SJC backslides on racial disparities in policing
Karen K. case showcases a second meaning for 'blading'
IN A DECISION issued last week, the Supreme Judicial Court acquiesced in the disproportionate stopping and frisking of young people of color in the Commonwealth by upholding a police officer’s reliance for the intrusion on a juvenile’s “blading.” This amorphous amalgam of vague body movements and racially applied factors is so ambiguous that the SJC simultaneously suggested it be retired as a basis of suspicion.
In order to stop someone for investigation of potential criminal activity, a police officer must have reasonable suspicion, based on specific articulable facts, that the person has committed or is about to commit a crime. To pat them and search for weapons, the officer must also have a reasonable belief that they are “armed and dangerous.”
Substantial empirical data confirms that Black Americans are disproportionately stopped, searched, arrested, and likely to be subject to the use of force by police. Courts must therefore critically evaluate police assertions of suspicious behaviors that are often ambiguous, such as those exhibited by Karen K., the suspect who was frisked. In Karen K., the SJC addressed how courts should weigh behaviors, each innocuous standing alone, when deciding whether a search or seizure was constitutional.
Members of the Boston Police Department were dispatched to a housing complex hours after a concerned citizen informed them that a group of kids were hanging around and one had displayed a firearm. One officer observed Karen K. trying to avoid a group of seven other officers, and later testified that she kept looking back over her shoulder and adjusting her waistband, asserting that she had “bladed” her body “so as to conceal something on her person.”
Karen K. argued that because the officers lacked required suspicion that she was committing a crime or that she was armed and dangerous, they violated the state constitution in stopping her. The SJC disagreed, concluding that adjusting a waistband and “blading” gave the police reasonable suspicion.
Massachusetts courts have been at the forefront of acknowledging an important paradox in criminal procedure: nervous or evasive behavior during police interactions is disproportionality attributed to young people of color, but this behavior is also the result of racialized policing. In 2016, the SJC famously acknowledged that as a result of persistent racial profiling, Black males in particular have legitimate reasons to avoid police interactions, and thus flight from police should not contribute to reasonable suspicion. And in 2020, the court again addressed the racialized impact of policing, issuing two decisions that expanded protection against racial profiling in police stops.
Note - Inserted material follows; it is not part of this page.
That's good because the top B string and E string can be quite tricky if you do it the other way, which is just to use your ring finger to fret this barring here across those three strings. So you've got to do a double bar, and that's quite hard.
But in 2021, the SJC retreated from this commitment to combat racism in policing. A fractured court affirmed the constitutionality of a patfrisk of the passenger of a car that had been stopped for a minor traffic violation, based on police testimony of his “erratic, uncharacteristic behavior,” including his “bladed stance,” defined in that instance as aggressive and threatening behavior towards the officer. Forcefully dissenting, Chief Justice Kimberly Budd explained that people of color are disproportionately likely to be searched by police, largely due to “neutral rules of deference that affirm the decision of racially biased actors.”
At a moment when state courts are essential to protecting constitutional rights, the Karen K. decision confirms a backslide in the Commonwealth. Notably, even though the court has acknowledged that the term “‘blading’ has become both unwieldy, lacking precision or a single definition, and tinged with loaded connotations,” it has in the last two years accepted the term to mean different things: last year it concluded that a “bladed stance” suggested imminent physical attack, and then Wednesday, it accepted a definition of “blading” as an attempt “to conceal something on [petitioner’s] person.”
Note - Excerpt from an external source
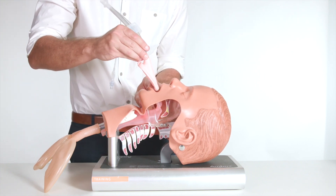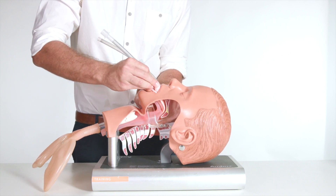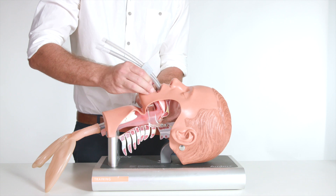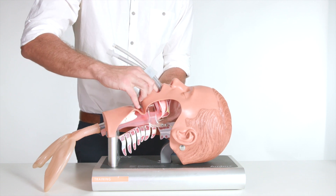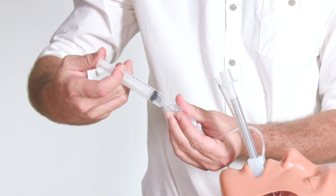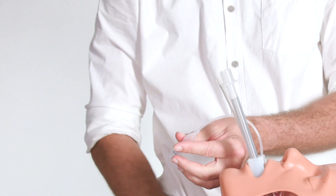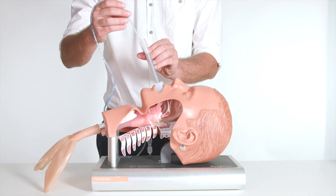Insert the LMA along the hard and soft palate, guiding the mask through the natural bend of the airway with a finger or with the aid of a laryngoscope to lift the base of the tongue. Advance until resistance is felt. Create a seal by inflating the mask cuff and check the pressure, then confirm the mask is placed correctly.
When affirming the constitutionality of the police officer’s actions, the SJC also relied on Karen K.’s alleged evasion of officers, adjustment of her waistband, and the hours-old tip to police. But as Budd explained, the weakness of these factors in supporting reasonable suspicion reveals the juvenile’s “blading” was dispositive.
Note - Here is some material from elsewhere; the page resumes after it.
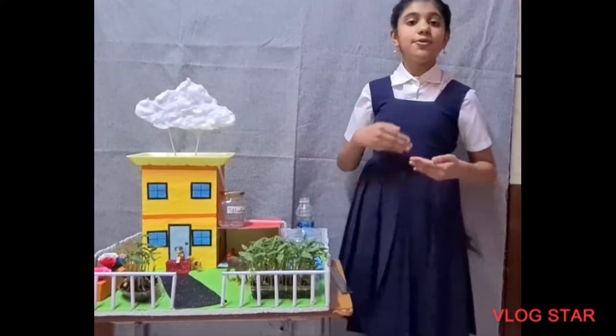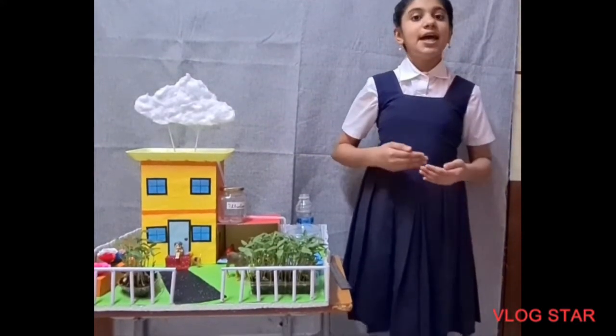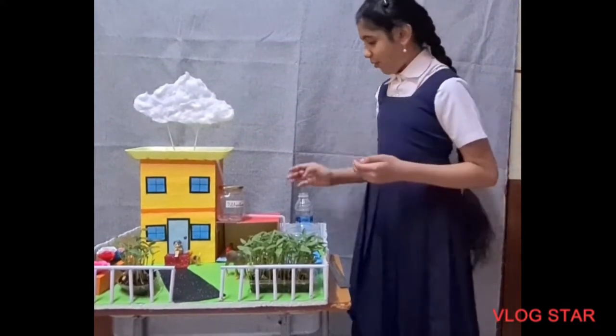This is my model Rooftop Rainwater Harvesting. Now I am going to explain how my model works.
Racism pervades our criminal legal system. Courts must question the seemingly facially race-neutral reasoning of actors such as police officers, particularly when that reasoning consistently leads to unjust results. The SJC could have required the Commonwealth to show that vague behavioral observations have strong non-race-based foundations. Or it could have urged lower courts to question police officers on the predictive values of specific terms.
In her concurrence, Budd insists that Karen K. does not lower the constitutional threshold for warrantless stops, reiterating that reasonable suspicion cannot be based in ordinary, innocuous behavior. But the SJC’s reliance on “blading” and other behaviors consistent with fear-based nervousness around police to ratify a stop and patfrisk suggests otherwise.
Aliza Hochman Bloom is a faculty fellow at New England Law who teaches criminal law and criminal procedure and writes about race and the Fourth Amendment.